Summary: In this laboratory, you will continue your exploration of Script-Fu by using more Scheme-like operations to automatically generate art. You will also explore techniques for modifying existing images.

Exercises

Exercise 0: Preparation

a. Start the Gimp.

b. Open the Script-Fu console.

c. Open the Script-Fu procedure reference.

d. Make a copy of art.scm, the sample code for this lab.

e. Load your copy in the Script-Fu console.

Exercise 1: Higher-Order Drawing

We've seen a number of ways in which Scheme can be useful for creating images. But we haven't yet used all the wonders of Scheme. For example, we have yet to take advantage of recursion or higher-order procedures. I've written a simple procedure, (gsfu-create-image width height func), that creates a new image and layer by applying func to every pair of (x,y) values in a new image.

Here's a sample procedure you might use:

(define exercise-one
  (lambda (x y)
    (list
      (mod (+ x y) 256)
      (mod (* y y) 256)
      (mod (trunc (* 1000 (sin x))) 256))))

a. Try to create a small image (say 100 by 100) using gsfu-create-image and exercise-one.

Note that the list returned contains an image id and a layer id. You'll need to show the result using (gimp-display-new image-id).

b. Try to create a somewhat larger image (say 200 by 150) using gsfu-create-image and exercise-one.

c. What, if anything, do you note about the relationship of the two images?

Exercise 2: Your Own Functions

a. Experiment with you own variations of exercise-one. You might try using sin, cos, powers, addition, subtraction, and much much more.

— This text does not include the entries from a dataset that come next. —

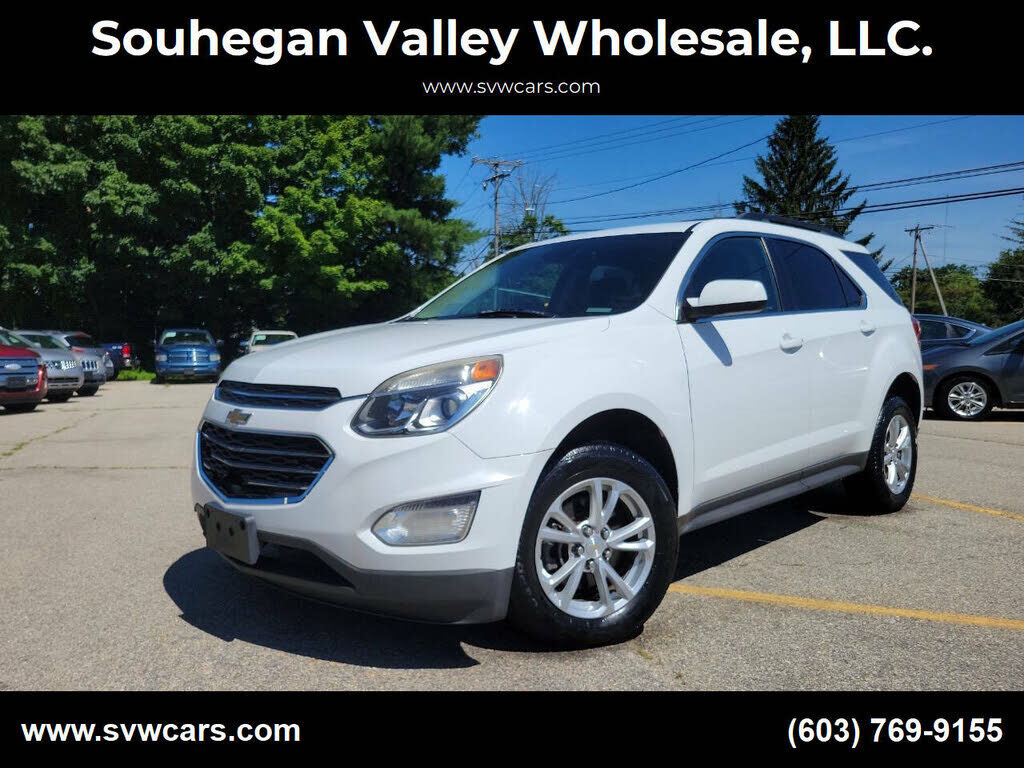 2016 CHEVROLET Equinox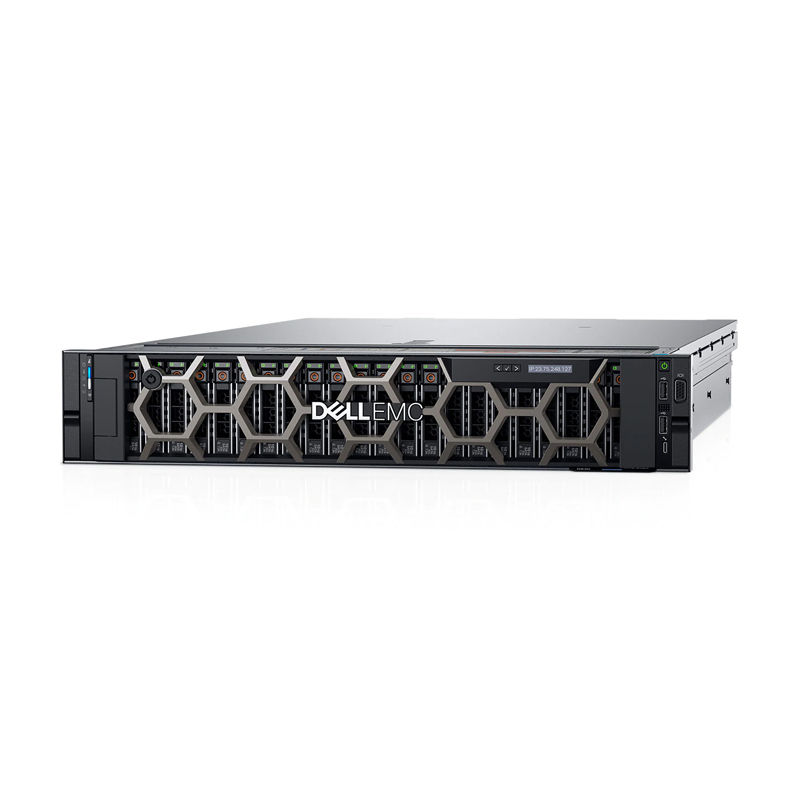 DELLR840-2, Dell R840 Server, 2xIntel 5115/16GB DDR4/2x600GB SAS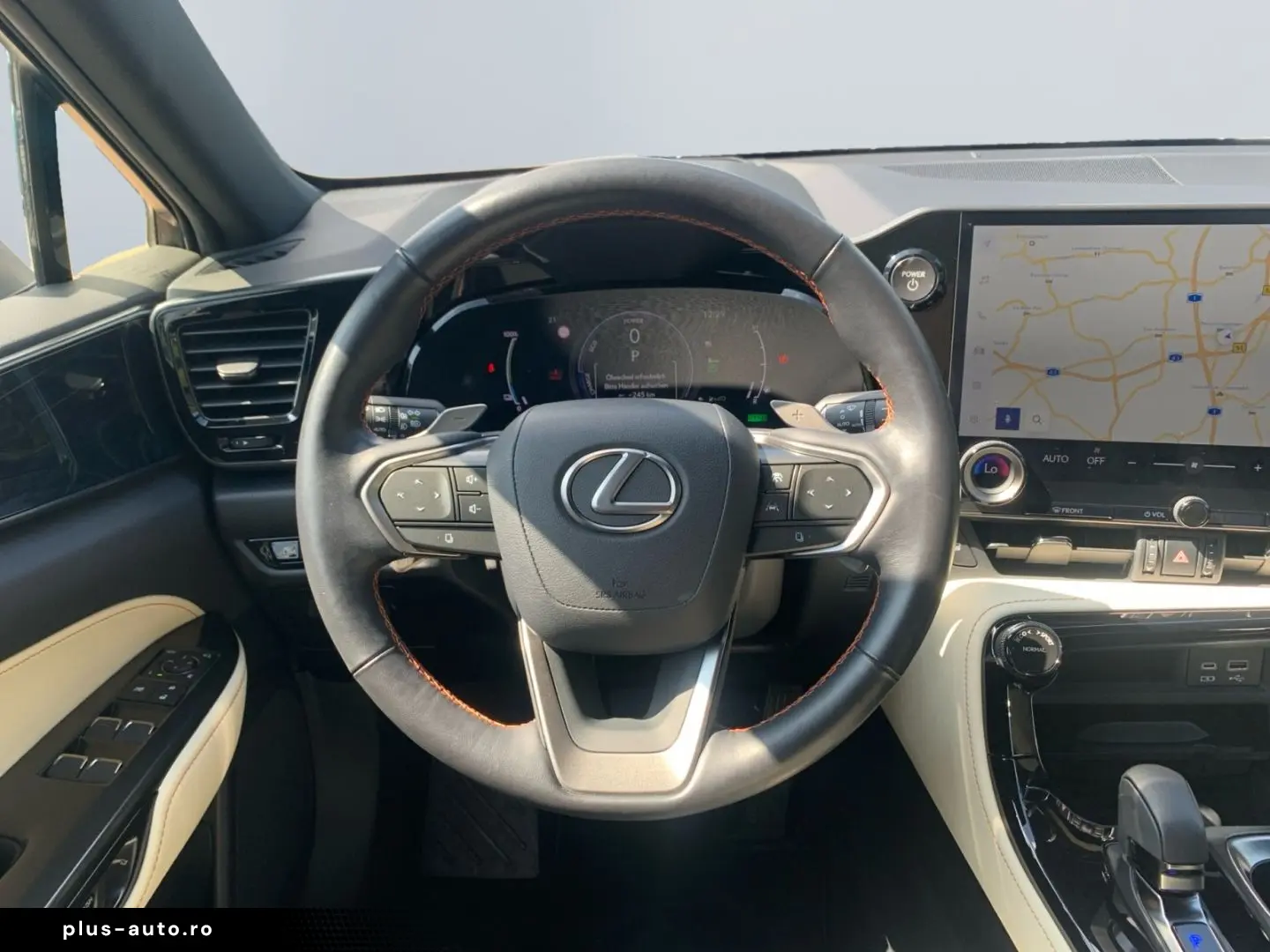 LEXUS NX 450h  E-FOUR Executive Line  LED HUD 360  ACC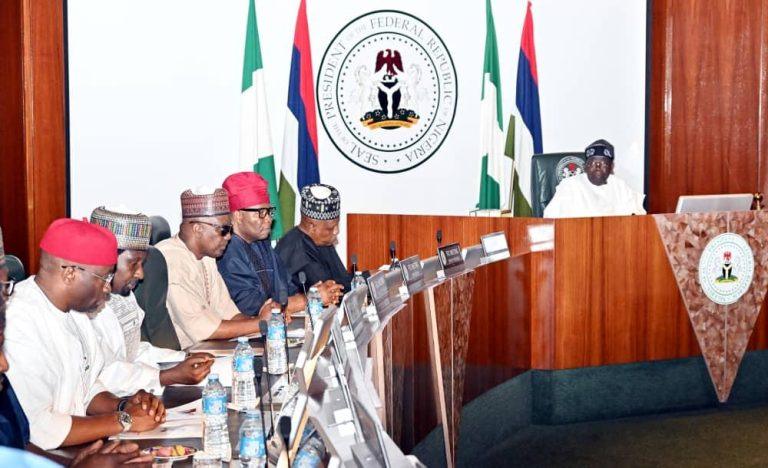FEC: Senate President, Others Pay Tributes to Buhari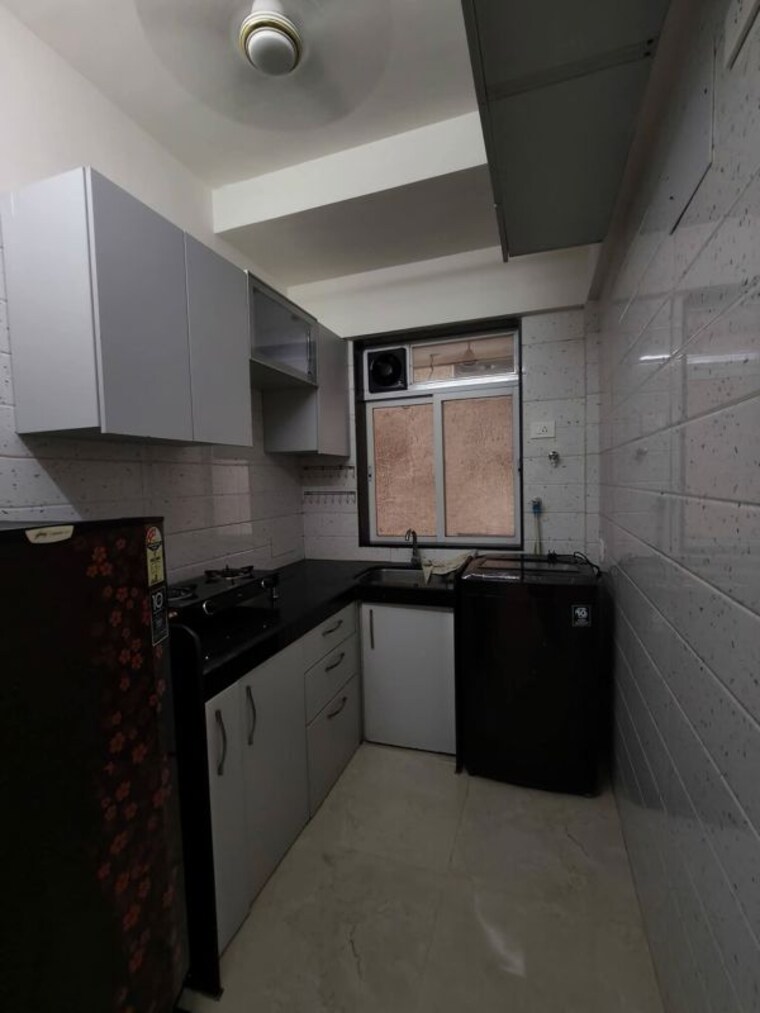 Kitchen, sethia-imperial-avenue 1 Bedroom 450 Sq.Ft. Apartment In Malad East Mumbai 10734283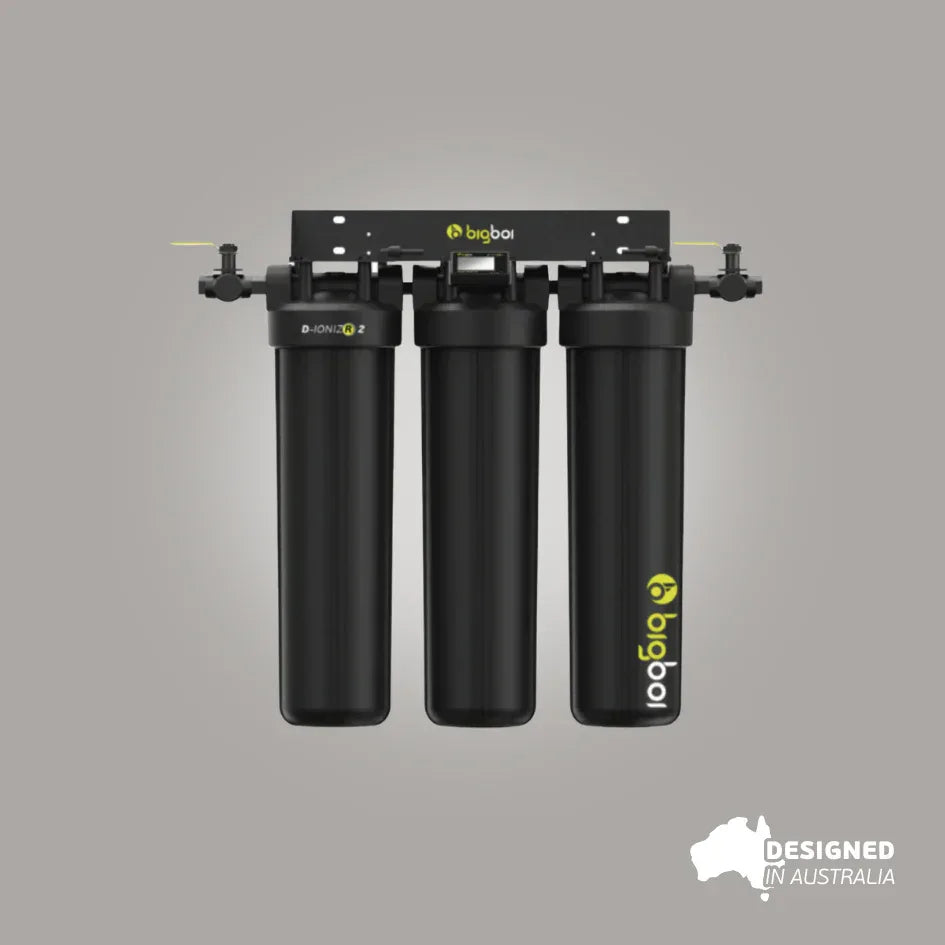Bigboi D-IONIZR2 MKII - Alpha Details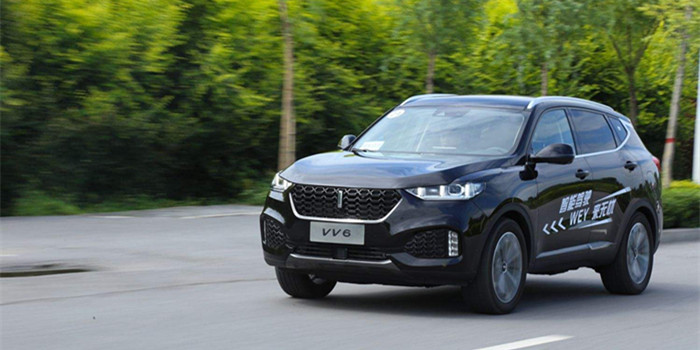 WEY VV6和荣威RX5哪个好 WEY VV6动力不如荣威RX5但性能更好
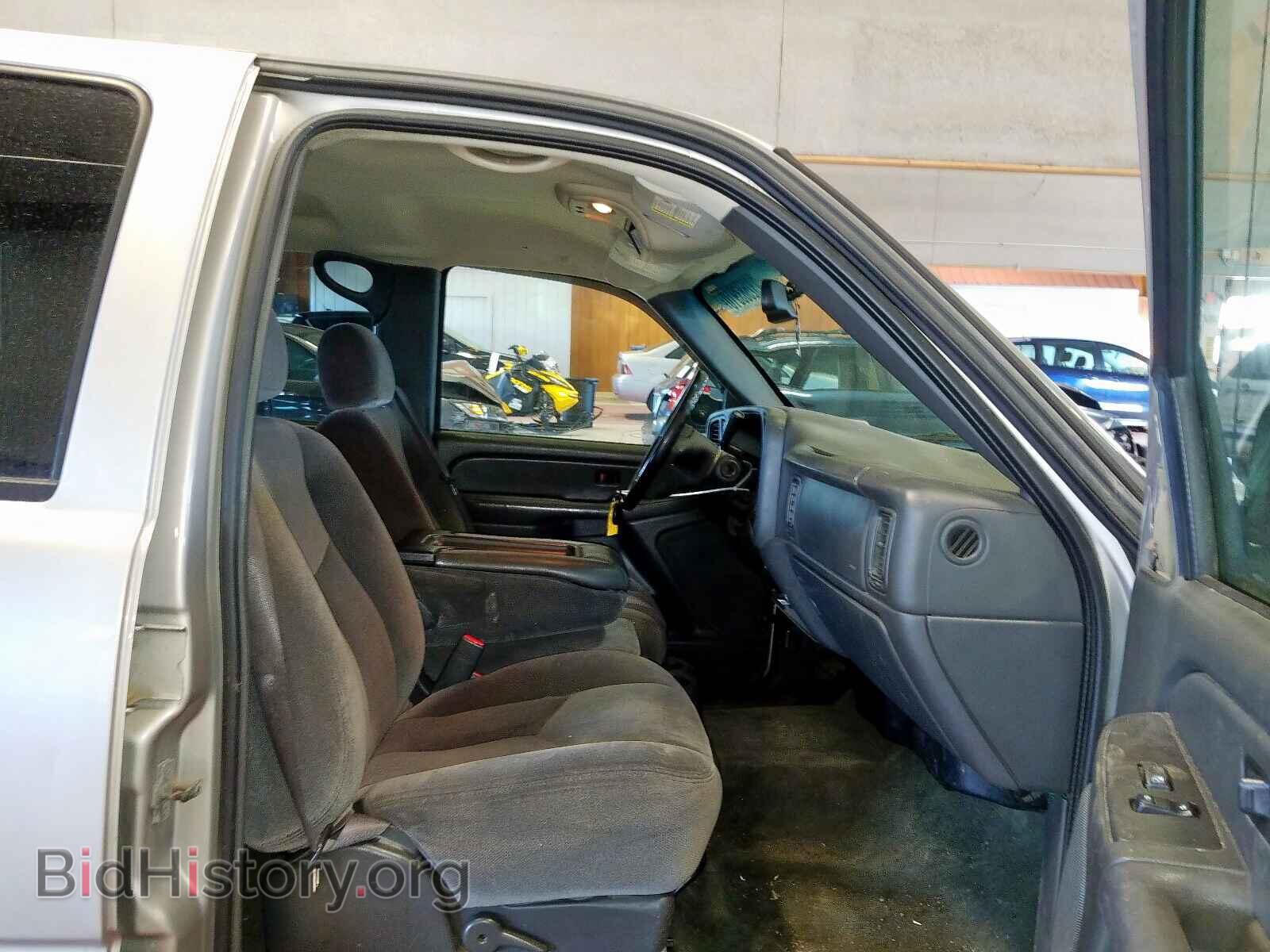 2006 GMC SIERRA - VIN: 2GTEK13Z661259105 - Фото 5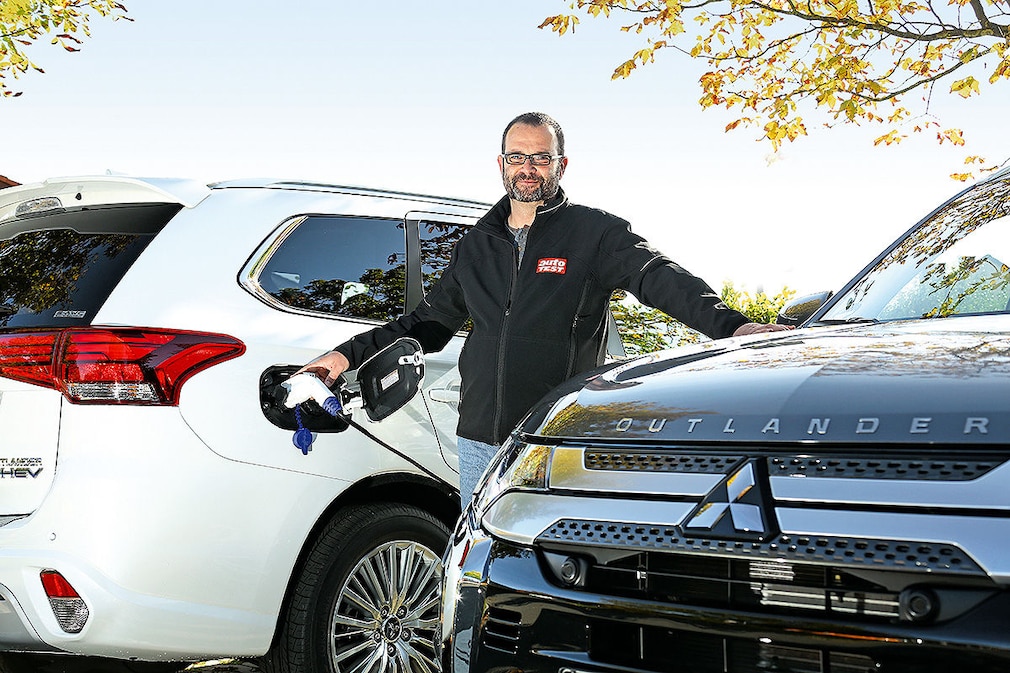 Kaufberatung Mitsubishi Outlander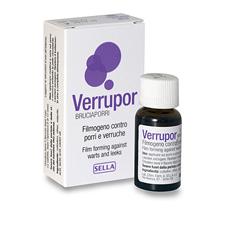 VERRUPOR BRUCIAPORRI FLACONCINO CONTAGOCCE 12 ML NUOVA FORMULA - Newepa Srl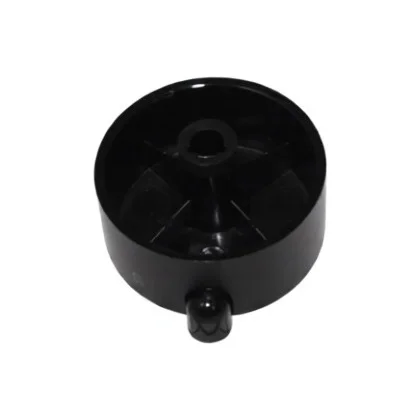Pokrętło do płyty gazowej Amica Stack PG R czarne 9078798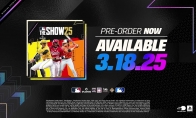 MLB Major League Baseball 25 real-time demonstration will be released on March 18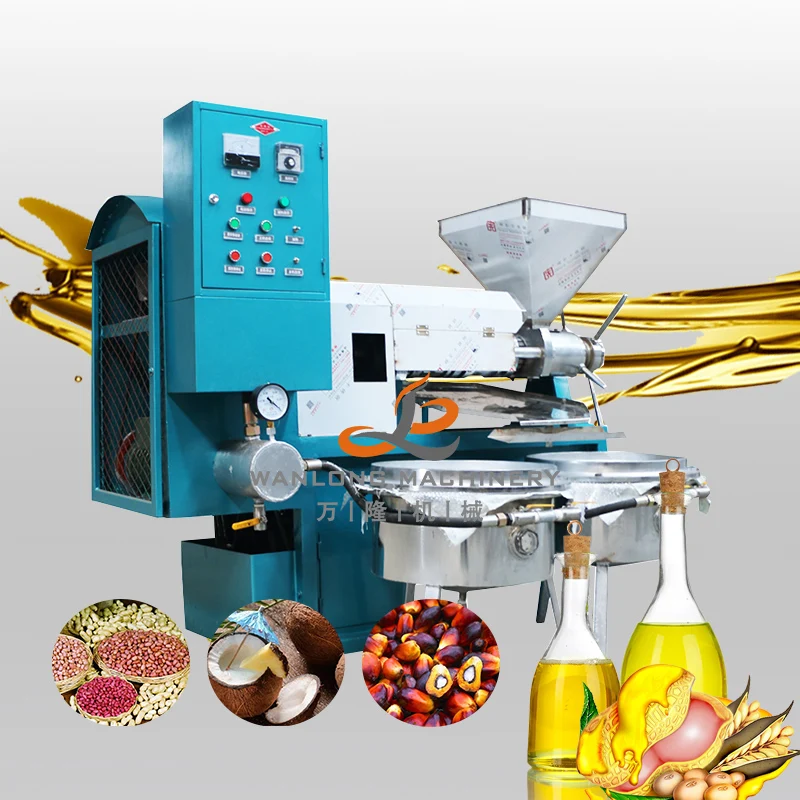 VCO отжим кокосового масла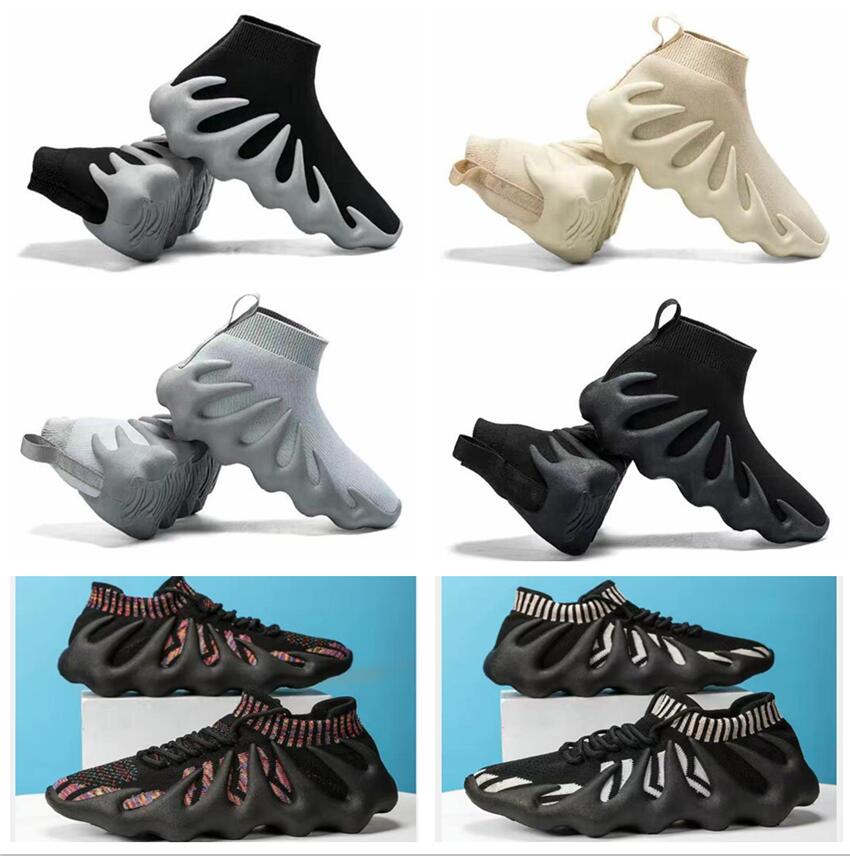 

New Style Socks Shoes Top Quality Volcanic Shoe 450 Boots Coconut Breathable Leisure Cross-border Shoess Octopus high quality Size 35-48 Novelty, S6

b. See if you can make something that looks circular somewhere in your image. You may want to take advantage of the fact that the distance between two points is the square root of the sum of the squares of the horizontal and vertical distances.

Exercise 3: Loading Images

Things can get even more interesting when you work with an existing graphic. It's fairly easy to load and get information about an existing graphic. You can load an image file with

(define image (gsfu-load-image path))

For example,

(define image (gsfu-load-image "/home/rebelsky/Web/CS151/Images/NorthCampus.jpg"))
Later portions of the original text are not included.